Hannover/Peine. In den vergangenen Monaten und Jahren kam das Thema Clankriminalität im Zusammenhang mit der Stadt Peine immer wieder auf den Tisch. Die regionalen CDU-Landtagsabgeordneten Veronika Koch, Christoph Plett, Frank Oesterhelweg und Oliver Schatta nahmen dies zum Anlass, eine umfassende Anfrage zum Thema an das Niedersächsische Innenministerium zu stellen. Dieses verzeichnet tatsächlich einen Anstieg der Clanereignisse und geht von einem sehr aktiv wirkenden Clanumfeld in Peine aus.
Allerdings sei der Begriff Clankriminalität nicht eindeutig definiert. Eine „kriminelle Clanstruktur“ werde unter anderem durch das Ausleben eines stark überhöhten familiären Ehrbegriffs und das innerfamiliäre Sanktionieren von Verstößen gegen diesen Ehrbegriff sowie das Voranstellen von familieninternen, oft im Gewohnheitsrecht verwurzelten Normen über das Gesetz und die Verfassung geprägt. Zudem gehe man von einem hohen Maß an Gewaltbereitschaft aus, welches durch ein hohes Mobilisierungspotenzial gestützt werde. Ein weiteres Kennzeichen sei eine mangelnde Integrationsbereitschaft, die mitunter Aspekte einer Ghettoisierung bis hin zur inneren Abschottung enthalte und ein bewusstes oder generelles Ablehnen der allgemeinen Rechtsordnung erkennen lasse. Vor diesem Hintergrund sei festzustellen, dass im Stadtgebiet Peine mehrere „Clans“ ansässig seien.
Hohe Aufklärungsquote
Wie das Innenministerium weiter betont, richte sich der Fokus polizeilicher und justizieller Maßnahmen nicht gegen ganze Clans oder Großfamilien, sondern auf Straftaten, Ordnungsverstöße und Gefahrensituationen, die durch kriminelle Angehörige von Clans oder unter Ausnutzung krimineller Clanstrukturen begangen werden. Seit dem Jahr 2018 werden erfasste Straftaten auch mit einem möglichen Auswertemerker Clankriminalität (AWM Clan) erfasst.

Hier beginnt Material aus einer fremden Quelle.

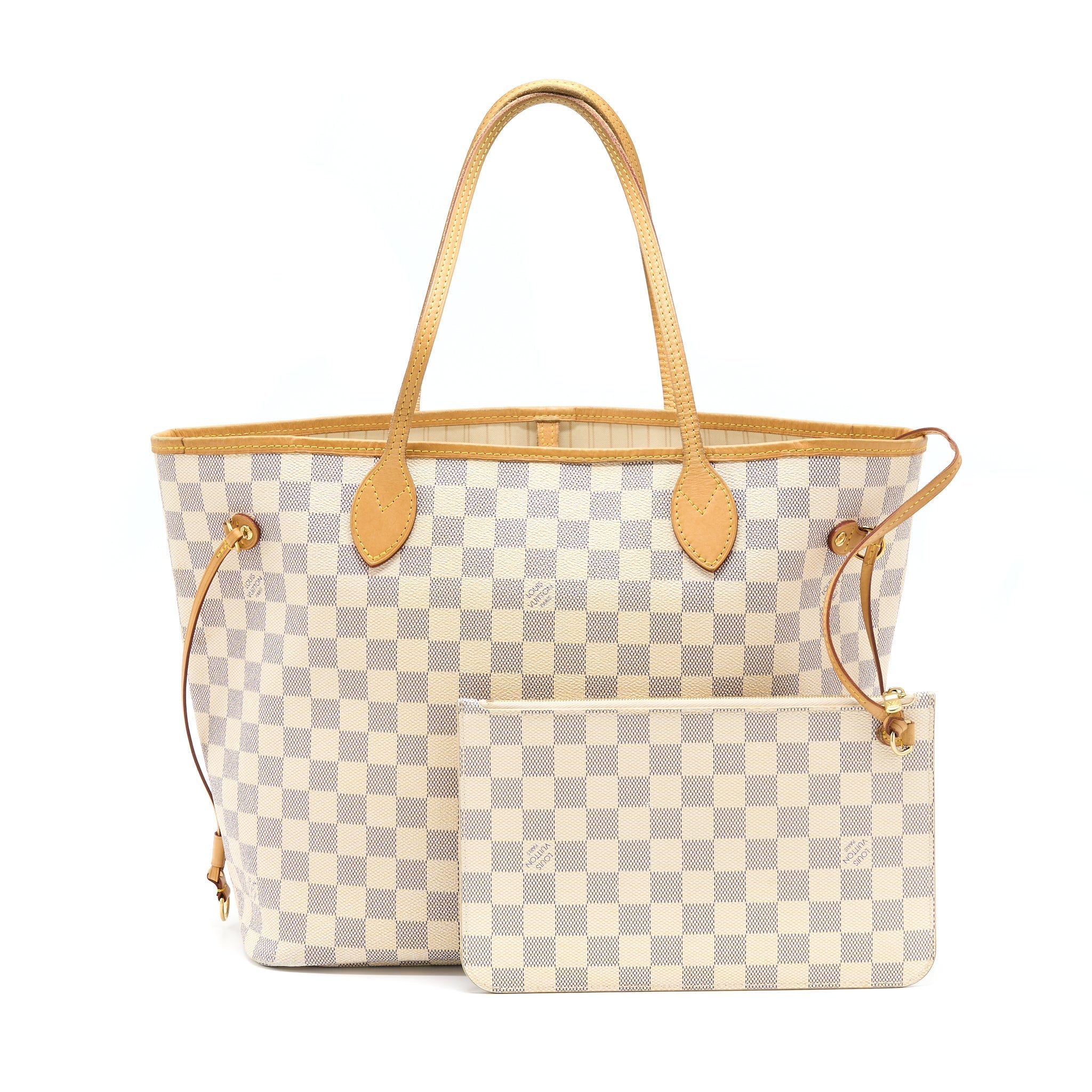 LOUIS VUITTON NEVERFULL MM DAMIER AZUR GHW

Daher könne man noch nicht allzu viel zu einer Entwicklung sagen. Im Jahr 2019 wurden in Peine 26 strafrechtliche Ermittlungsverfahren mit dem AWM Clan versehen. In diesem Jahr waren es Stand Ende Juli bereits 43 strafrechtliche Ermittlungsverfahren aus unterschiedlichen Deliktsbereichen. Von diesen wurden 38 aufgeklärt, was einer Quote von 88,37 Prozent entspreche.

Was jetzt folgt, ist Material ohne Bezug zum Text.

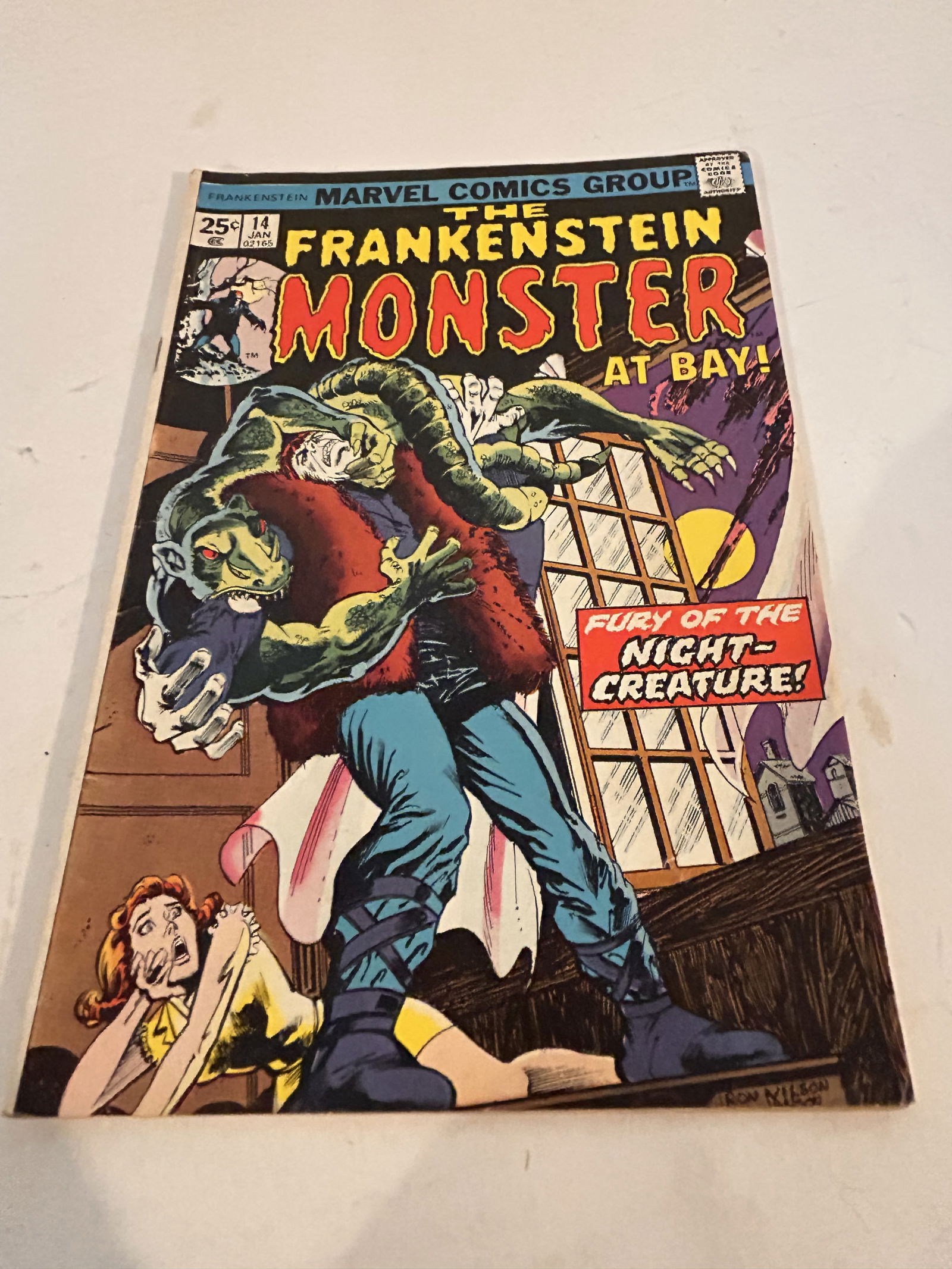 Vintage 1974 Frankenstein Monster Marvel Comics #14 (1 of 2)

Zur Erhöhung der Sicherheit durch die Bekämpfung krimineller Clanstrukturen werden in Peine bereits diverse Maßnahmen durchgeführt. Neben der Fortsetzung von Kontrollmaßnahmen und der Intensivierung der Einbindung anderer Behörden wie Führerscheinstelle, Zoll, Verkehrsüberwachung oder Ausländeramt, sei dies vor allem das Betreiben einer mobilen Wache, zur Erhöhung der Sichtbarkeit und Ansprechbarkeit der Polizei auf dem Friedrich-Ebert-Platz. Seit kurzem gibt es dort auch eine Videoüberwachung. Im Frühjahr wurde eine Ermittlungsgruppe mit dem Schwerpunkt der Bekämpfung der Clankriminalität im Stadtgebiet Peine eingerichtet. Ab Oktober wird zudem die für Peine zuständige Staatsanwaltschaft Hildesheim zu einer von niedersachsenweit vier Schwerpunktstaatsanwaltschaften zur Bekämpfung krimineller Clanstrukturen.

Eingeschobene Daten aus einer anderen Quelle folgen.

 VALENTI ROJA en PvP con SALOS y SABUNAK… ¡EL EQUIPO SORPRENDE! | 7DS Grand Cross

Clanstrukturen durch Zuzug begünstigt?
Doch warum ist gerade Peine betroffen? "Die Bevölkerung der Kernstadt Peine besteht zu einem hohen Anteil aus Personen mit Migrationshintergrund, was durch eine von der Stadt Peine durchgeführte Bevölkerungsanalyse verdeutlicht wird. Es kann nicht ausgeschlossen werden, dass ein sukzessiver Zu- beziehungsweise Nachzug von Familienangehörigen von einzelnen Großfamilien das Entstehen von Clanstrukturen begünstigt hat", so das Innenministerium. Die polizeilich in Erscheinung getretenen Clanmitglieder besäßen überwiegend eine türkische oder libanesische Staatsangehörigkeit beziehungsweise eine doppelte Staatsangehörigkeit in den Kombinationen deutsch-türkisch oder deutsch-libanesisch.